Not all that much has changed. Today it is no longer evil oil companies riding roughshod over ranchers in Texas, but shale gas prospectors riding over communities’ rights wherever they drill — in the Antrim shale (Michigan), the Barnett shale (Texas), the Marcellus shale (New York) and elsewhere.
They frack and drill horizontally deep under the land — triggering earthquakes and destroying the communities’ water. And while their activities are attracting strong support from the U.S. government, which is promoting the diffusion of “fracking” across the country and beyond, there are as yet no national minimum standards or insurance standards to protect the communities’ rights.

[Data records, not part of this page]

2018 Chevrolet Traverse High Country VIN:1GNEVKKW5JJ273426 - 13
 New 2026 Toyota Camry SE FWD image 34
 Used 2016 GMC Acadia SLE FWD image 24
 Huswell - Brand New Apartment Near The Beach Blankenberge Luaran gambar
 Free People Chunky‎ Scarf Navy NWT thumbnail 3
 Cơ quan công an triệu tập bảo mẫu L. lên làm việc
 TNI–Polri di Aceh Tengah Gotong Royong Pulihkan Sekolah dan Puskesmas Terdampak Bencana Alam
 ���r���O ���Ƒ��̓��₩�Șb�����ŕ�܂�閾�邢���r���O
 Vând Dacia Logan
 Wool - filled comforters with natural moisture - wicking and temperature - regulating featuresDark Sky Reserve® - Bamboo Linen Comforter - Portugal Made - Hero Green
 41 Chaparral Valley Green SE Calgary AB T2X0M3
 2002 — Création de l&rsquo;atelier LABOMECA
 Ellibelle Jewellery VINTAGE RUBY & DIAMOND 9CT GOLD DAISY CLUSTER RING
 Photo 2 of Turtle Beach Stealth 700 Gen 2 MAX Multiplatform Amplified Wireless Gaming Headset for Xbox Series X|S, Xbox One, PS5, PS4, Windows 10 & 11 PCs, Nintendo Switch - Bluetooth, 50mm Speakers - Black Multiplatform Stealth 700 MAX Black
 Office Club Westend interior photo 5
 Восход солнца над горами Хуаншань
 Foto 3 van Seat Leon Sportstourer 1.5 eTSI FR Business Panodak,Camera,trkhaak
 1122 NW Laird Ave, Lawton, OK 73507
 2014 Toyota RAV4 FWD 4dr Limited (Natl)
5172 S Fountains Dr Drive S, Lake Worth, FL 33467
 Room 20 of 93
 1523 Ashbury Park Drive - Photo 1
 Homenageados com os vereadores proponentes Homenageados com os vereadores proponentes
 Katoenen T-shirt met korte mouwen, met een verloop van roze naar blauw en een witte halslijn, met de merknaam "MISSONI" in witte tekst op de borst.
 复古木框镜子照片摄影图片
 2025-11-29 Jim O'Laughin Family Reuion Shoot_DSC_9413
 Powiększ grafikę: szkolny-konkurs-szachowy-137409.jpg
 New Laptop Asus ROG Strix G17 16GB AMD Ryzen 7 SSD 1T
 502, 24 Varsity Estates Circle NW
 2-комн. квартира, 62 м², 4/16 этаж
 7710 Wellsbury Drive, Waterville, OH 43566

Hydraulic fracture, better known as “fracking,” has emerged as a major technological breakthrough that facilitates extraction of natural gas from previously inaccessible shale gas seams. These shale gas “plays” are based on one of the technological/industrial breakthroughs that are changing the geopolitics of fossil fuels, along with extracting oil from tar sands in Canada and securing oil from pre-salt deepwater rigs off the coast of Brazil. These technological breakthroughs, with their massive costs, are postponing the peaking of conventional fossil fuels. But who bears the burden?
Fracking and tar sands oil operate at much higher costs than conventional oil and gas drilling. There has recently been a steep rise in costs for oil and gas drilling in the United States, which reflects the recent enthusiasm for shale gas from fracking. That seems to be implausible given all the current news stories about the very attractive price for natural gas in the United States.
However, the data indicate that drilling and prospecting now incur costs that total as much as 85% of revenues. That means that exploitation would have to continue at full stretch for decades in order to recover the investments. In other words, there is a shale gas “bubble” emerging in the United States — an all-too-familiar story.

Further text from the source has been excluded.